This exercise calls for duplicating every entry below exactly, without the images.

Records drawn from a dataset
--------------------

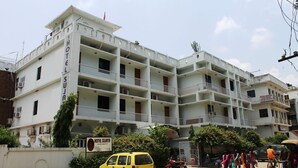 A multi-story building with balconies, a sign for Hotel Sujata, and a parked yellow car. - Hotel Sujata (Gaya)
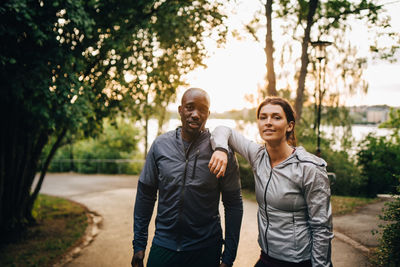 Portrait of confident male and female athletes standing on road in park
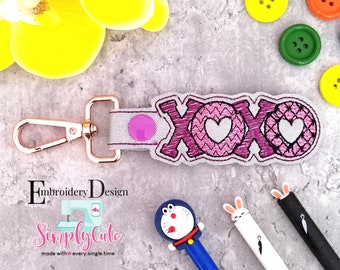 Puede incluir: Un llavero bordado en rosa y blanco con la palabra "XOXO" y dos corazones. El llavero está unido a un anillo de llave de metal dorado.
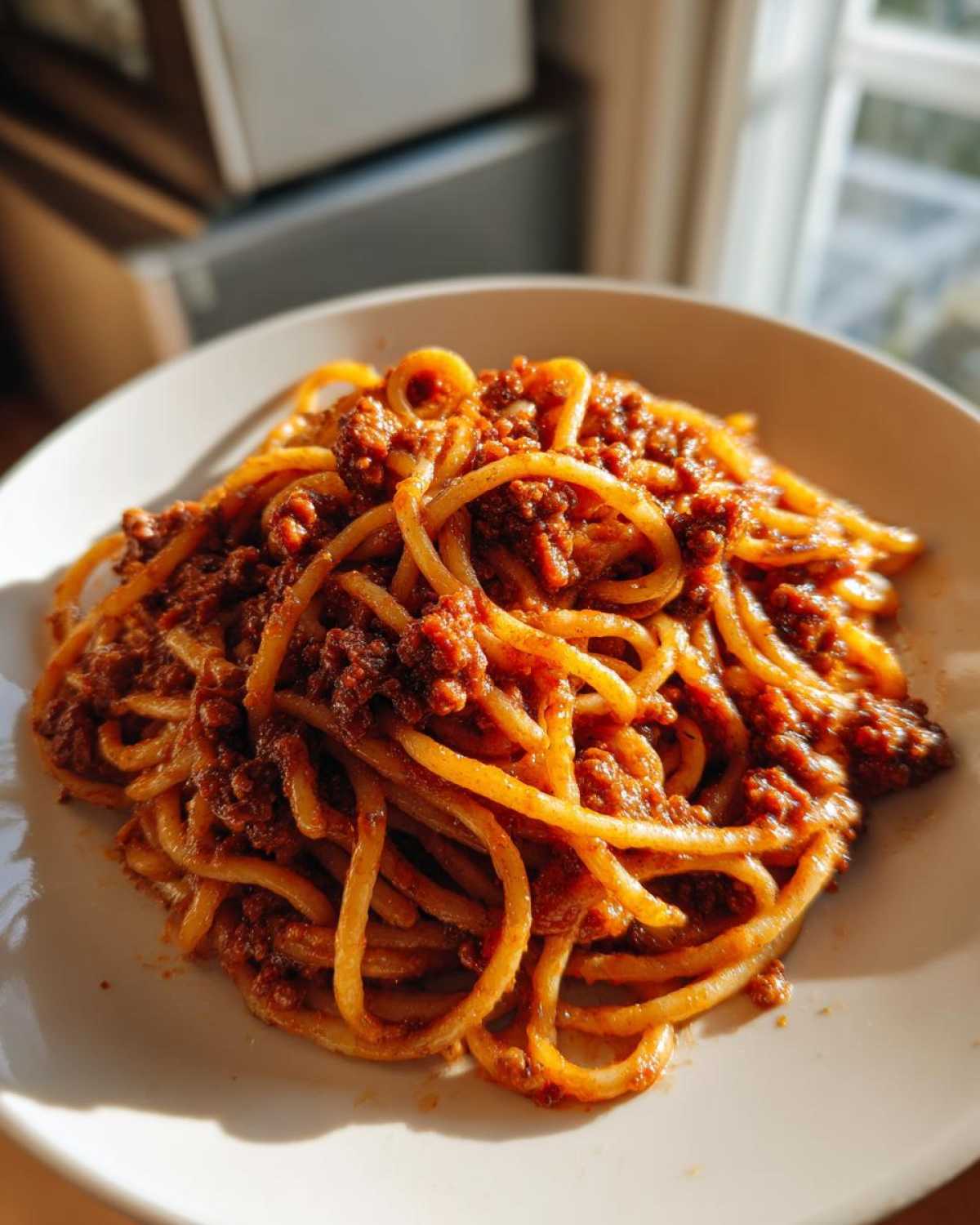 A close-up of spaghetti heavily coated in a rich, meaty bolognese sauce served on a white plate.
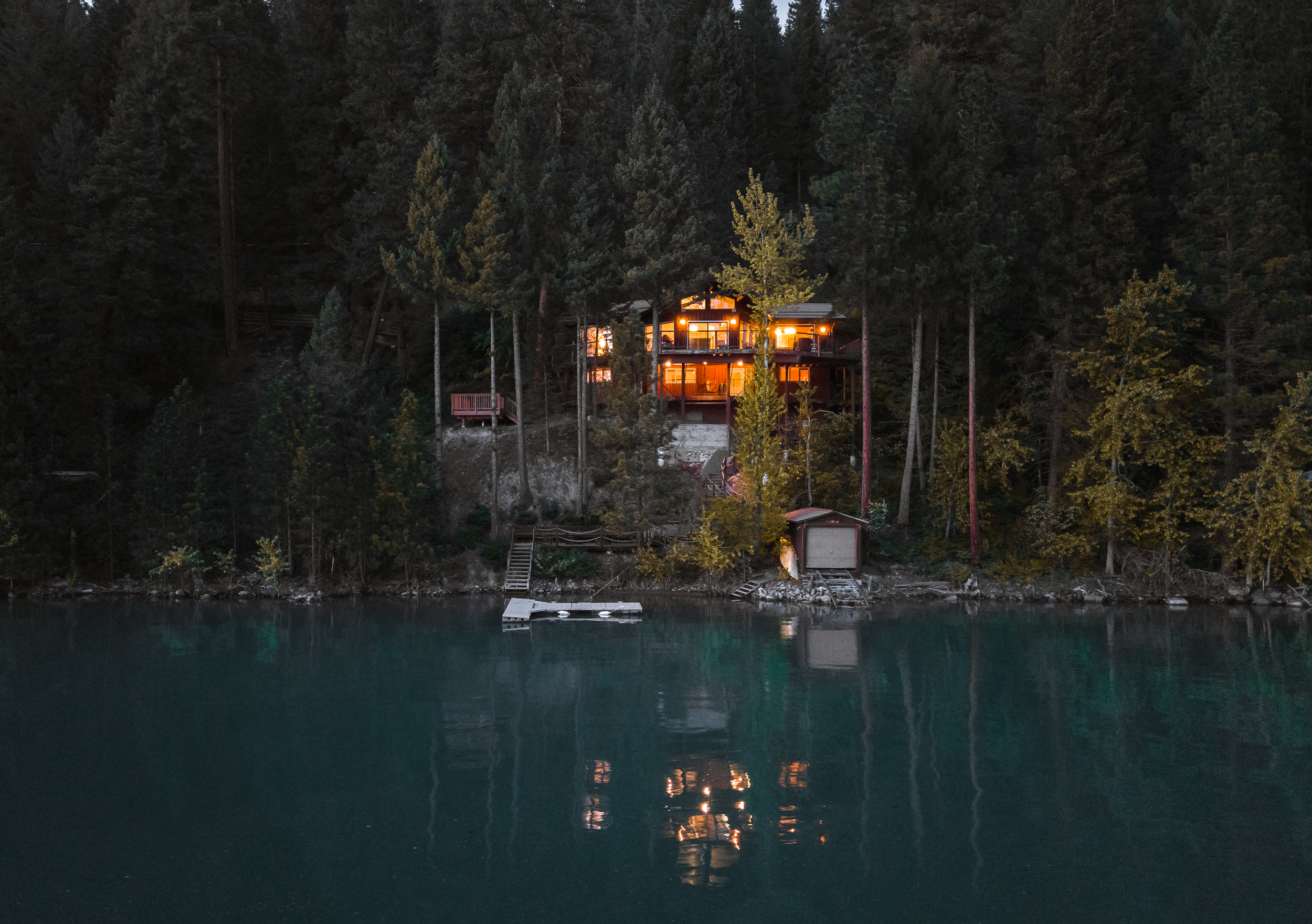 A house with large windows illuminated from within is nestled among tall trees on a hillside, overlooking a calm body of water at dusk.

--------------------

§ **Answer space**:
 A multi-story building with balconies, a sign for Hotel Sujata, and a parked yellow car. - Hotel Sujata (Gaya)
 Portrait of confident male and female athletes standing on road in park
 Puede incluir: Un llavero bordado en rosa y blanco con la palabra "XOXO" y dos corazones. El llavero está unido a un anillo de llave de metal dorado.
 A close-up of spaghetti heavily coated in a rich, meaty bolognese sauce served on a white plate.
 A house with large windows illuminated from within is nestled among tall trees on a hillside, overlooking a calm body of water at dusk.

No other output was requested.